HPV testing is not strictly a baseline test: positive results not only provide indication of underlying risk at the time of testing but also possible risk over the subsequent 3-to-5-year screening interval.

Hence, a single assessment of histologically confirmed disease via colposcopy at the time of testing is not an accurate assessment of “true” or “false” HPV test positivity.21 The most significant limitation of this strategy is that it assumes that high-grade lesions, if present, will be found upon colposcopy. CIN3 lesions, in particular, are initially tiny and difficult to detect visually, and current colposcopic procedures, which rely solely on directed biopsies (only sampling visible lesions), are only 60% sensitive for CIN3+ detection.28 Positive HPV tests that appear to be false positive when judged against baseline colposcopic biopsy actually tend to predict elevated risk of subsequent CIN3+ and thus reflect a true positive result.21 This means that one cannot simply designate that a positive HPV test is a “false” positive at baseline:  the lesion may simply not have been found or sampled at the time of colposcopy. It also does not negate the fact that the woman may still be at an elevated risk for a high-grade lesion.

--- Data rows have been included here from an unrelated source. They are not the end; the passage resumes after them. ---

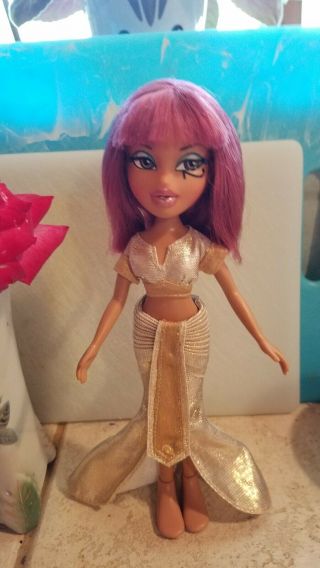 2011 Bratz Odelia Masquerade Doll.  By Mga,  Outfit,  Different Feet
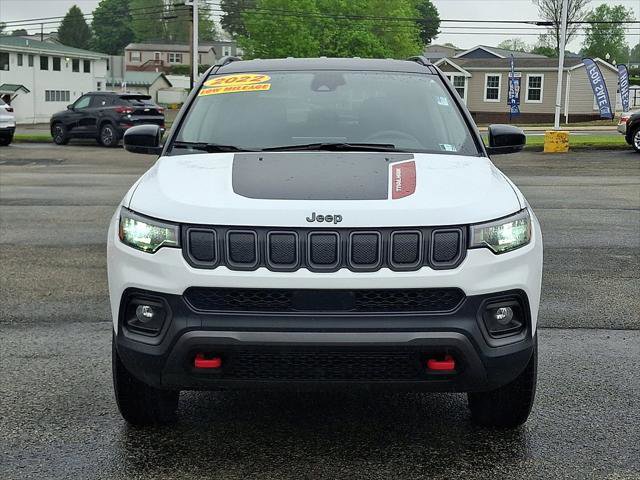Used 2022 Jeep Compass Trailhawk w/ Trailhawk Convenience Group AWD/4WD image 2
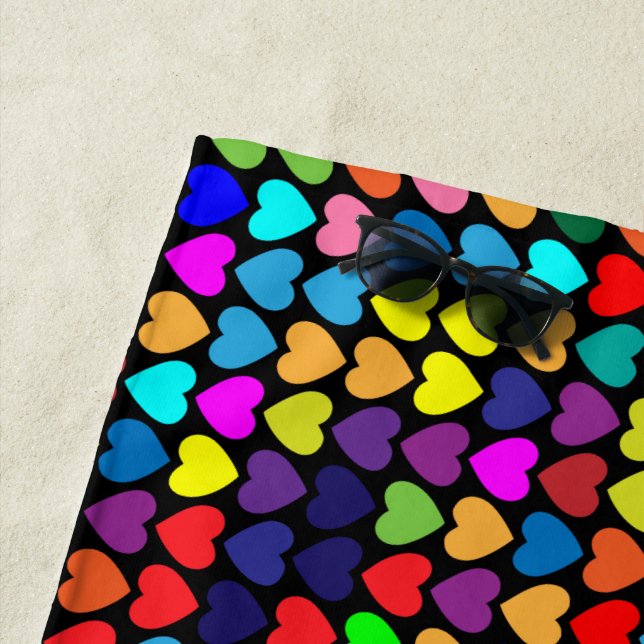 SERVIETTE DE PLAGE COEURS D'ARC-EN-CIEL (En situation)
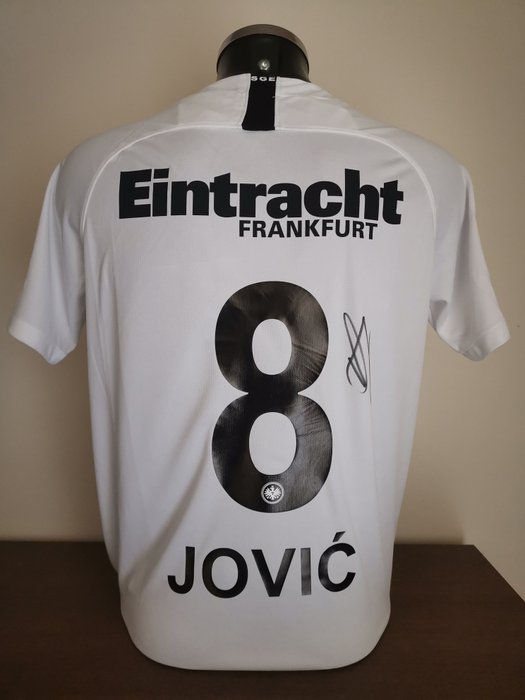 jovic frankfurt jersey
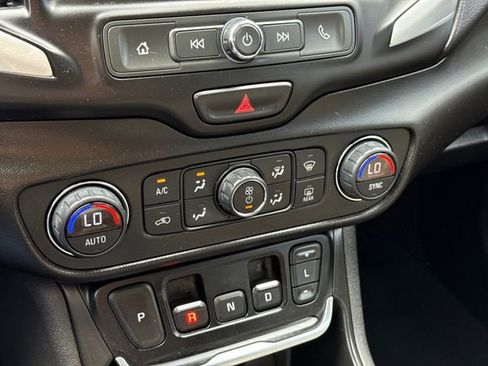 Used 2020 GMC Terrain SLE w/ Driver Convenience Package FWD image 26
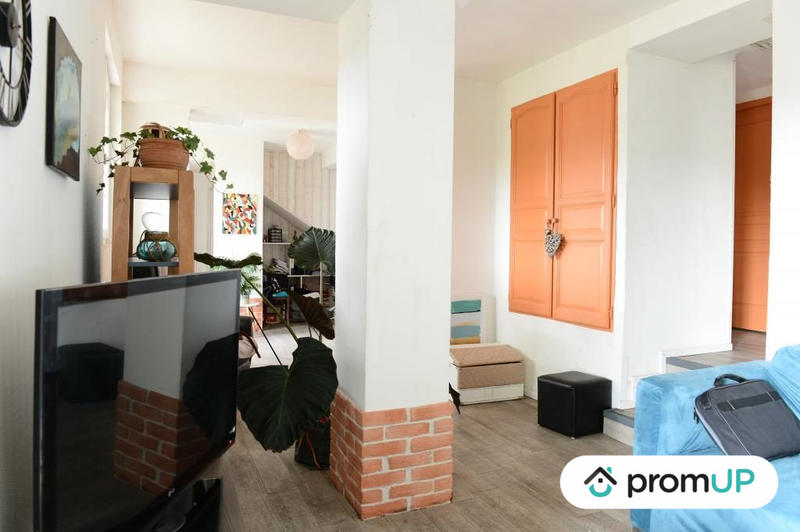 Maison - 180 m² - 8 pièces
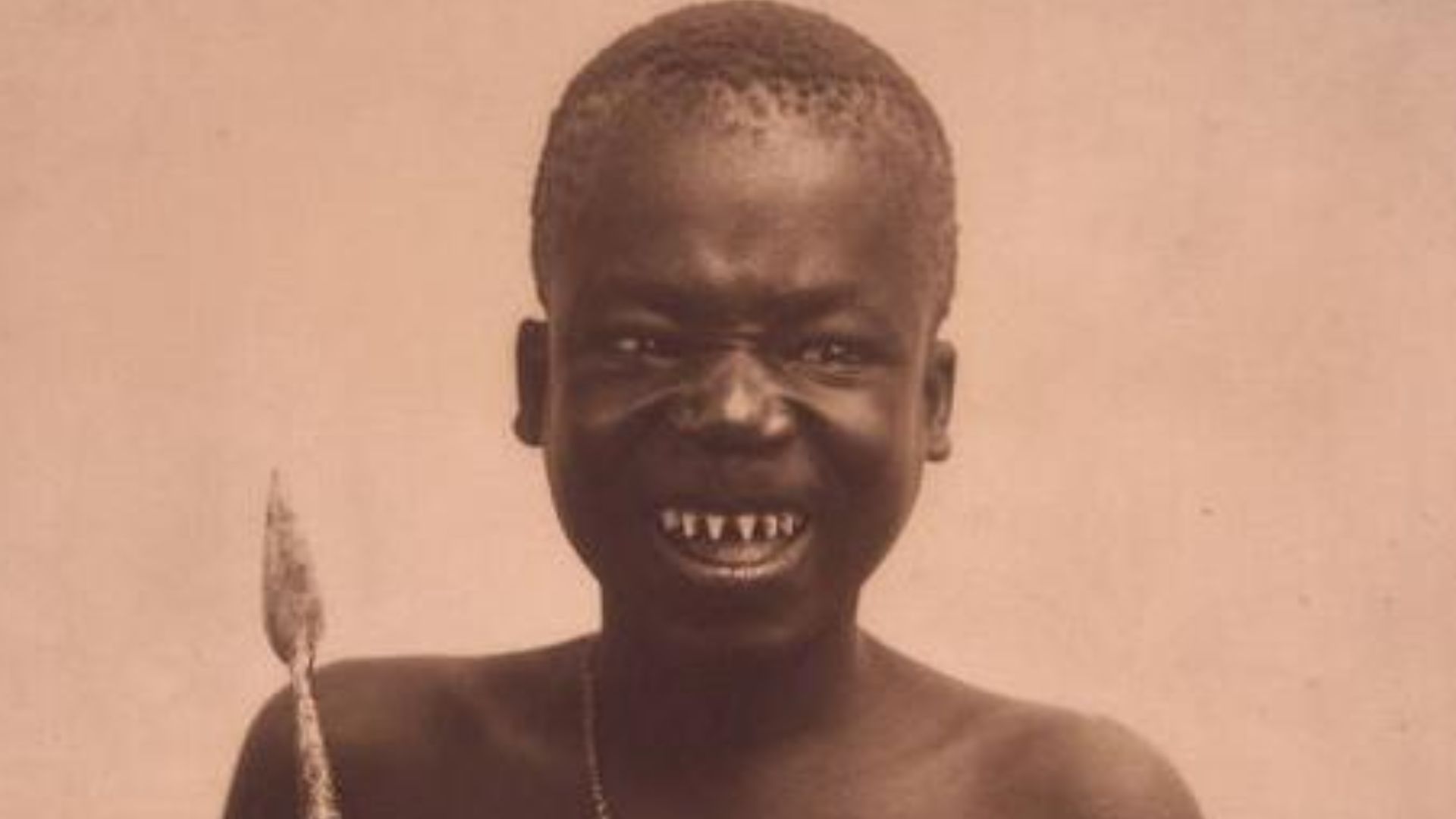 w:Ota Benga, Pygmy. Gerhard Sisters Collection. 1904. Missouri Historical Society. Part of the Louisiana Purchase Exposition in 1904. He was also a feature at the Bronx Zoo.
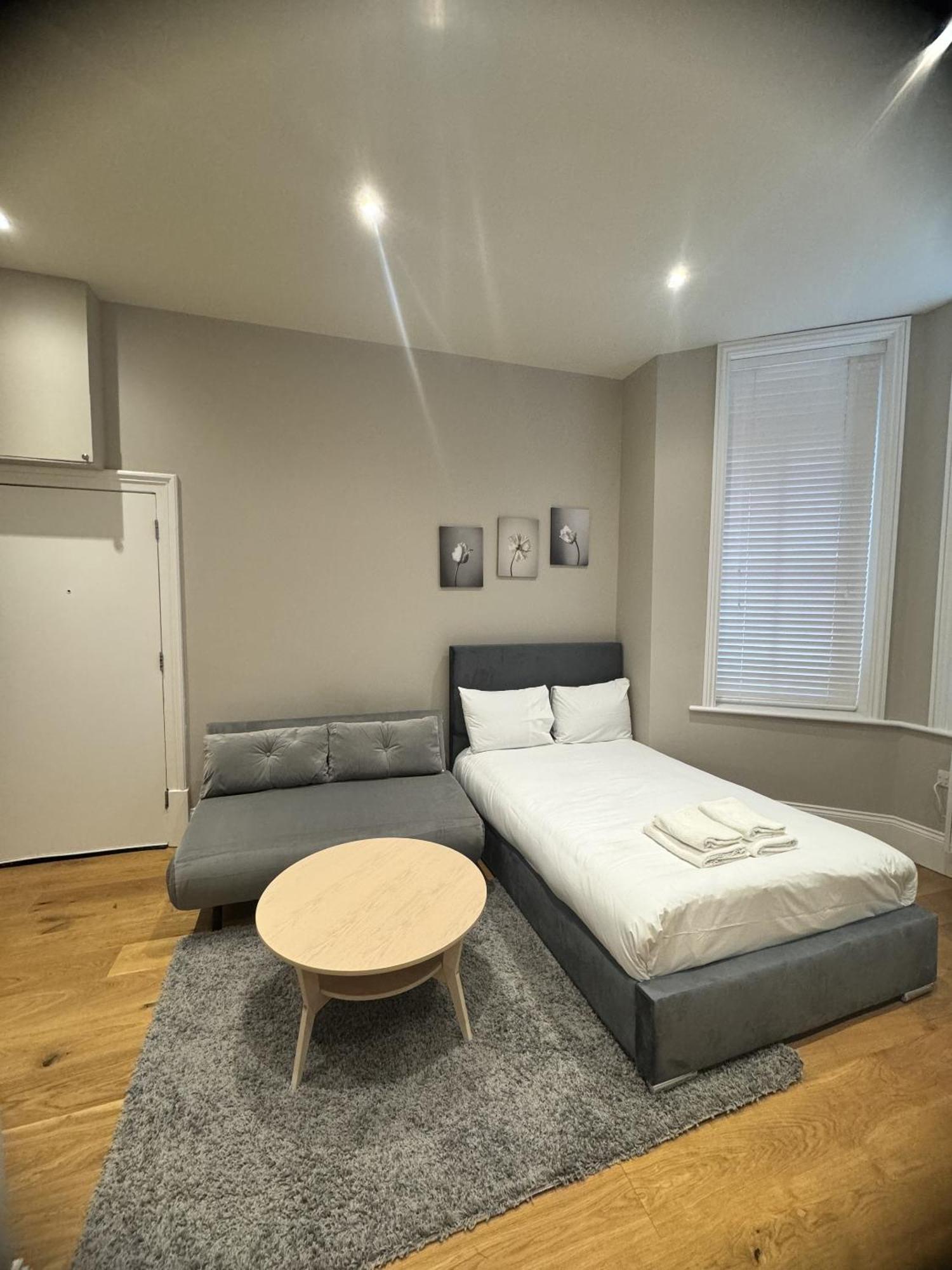 Fairhazel Gardens Studios London Room photo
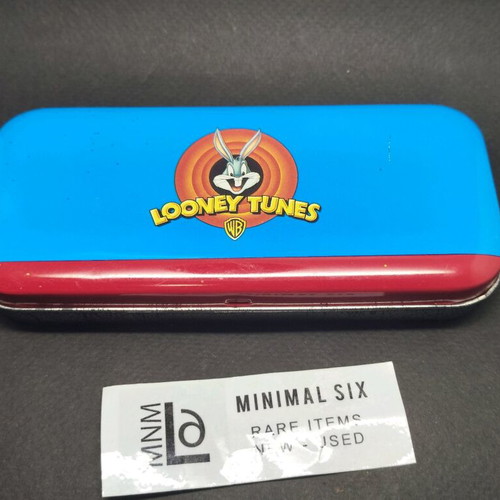 Looney Tunes metal case used, vintage 1998 Warner Bros.
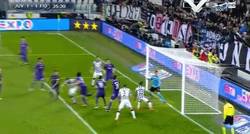 Enlace a GIF: Gran gol de Llorente que iguala el partido frente a la Fiorentina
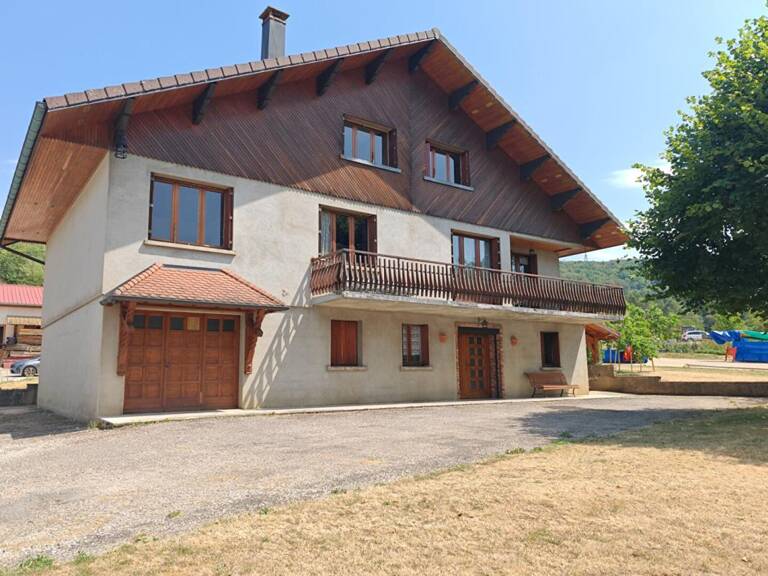 Maison Valzin En Petite Montagne 10 pièce(s) 220 m2 — photo 1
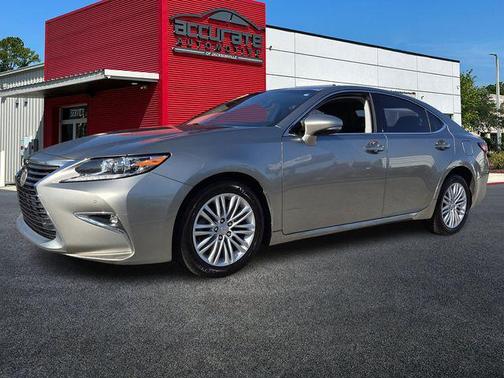 2017 Lexus ES 350 Base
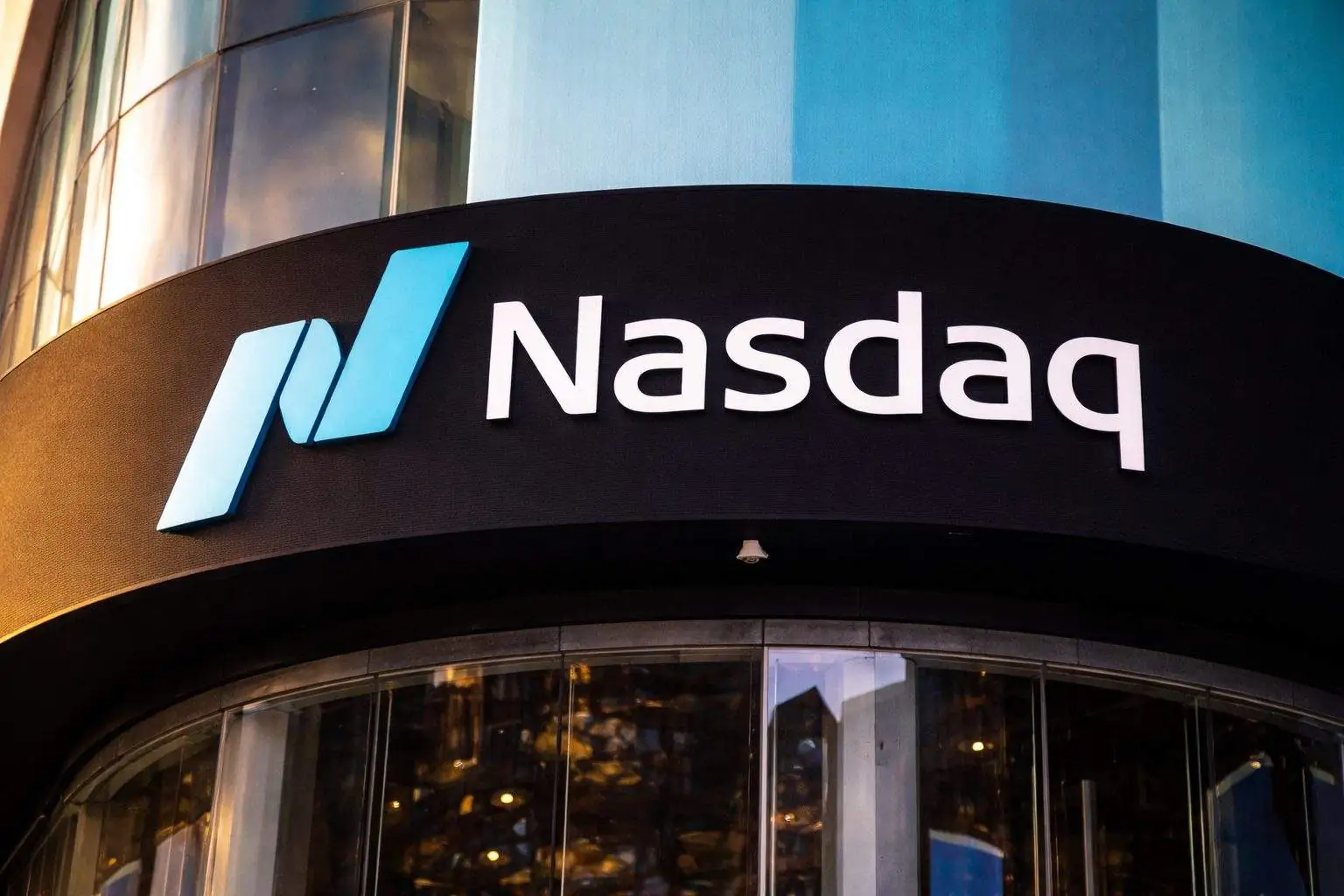 Nasdaq’s ‘Fast Entry’ Nasdaq-100 Rule Could Rush SpaceX-Scale IPOs Into the Index
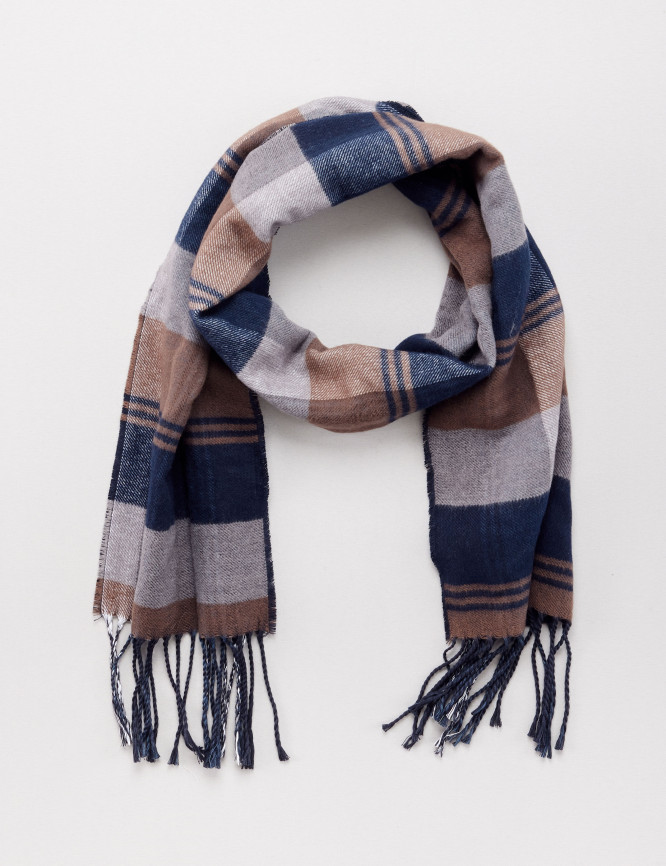 Laid Goods Front View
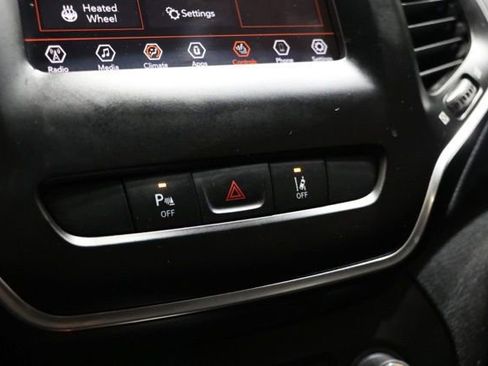 Used 2021 Jeep Cherokee Latitude Plus FWD image 28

Only a long-term cumulative incident risk (CIR) measurement accurately assesses long-term cancer risk associated with either a positive or negative screening test. CIR provides a probability of a given event occurring and is able to address two critical questions: (1) did the test accurately predict women at risk for developing high-grade lesions following a positive result over the given time interval; and, more importantly, (2) did the negative result accurately predict that a woman was at low risk for high-grade disease and cervical cancer within the same interval? Thus, an HPV assay should have a low CIR over several years following a negative result; for assays aimed at enhancing risk assessment, the CIR should be significantly higher following a positive result when evaluated against a comparator benchmark.

Julia Engstrom-Melnyk, PhD, is Scientific Affairs Manager in the Medical and Scientific Affairs group at Roche Diagnostics Corporation.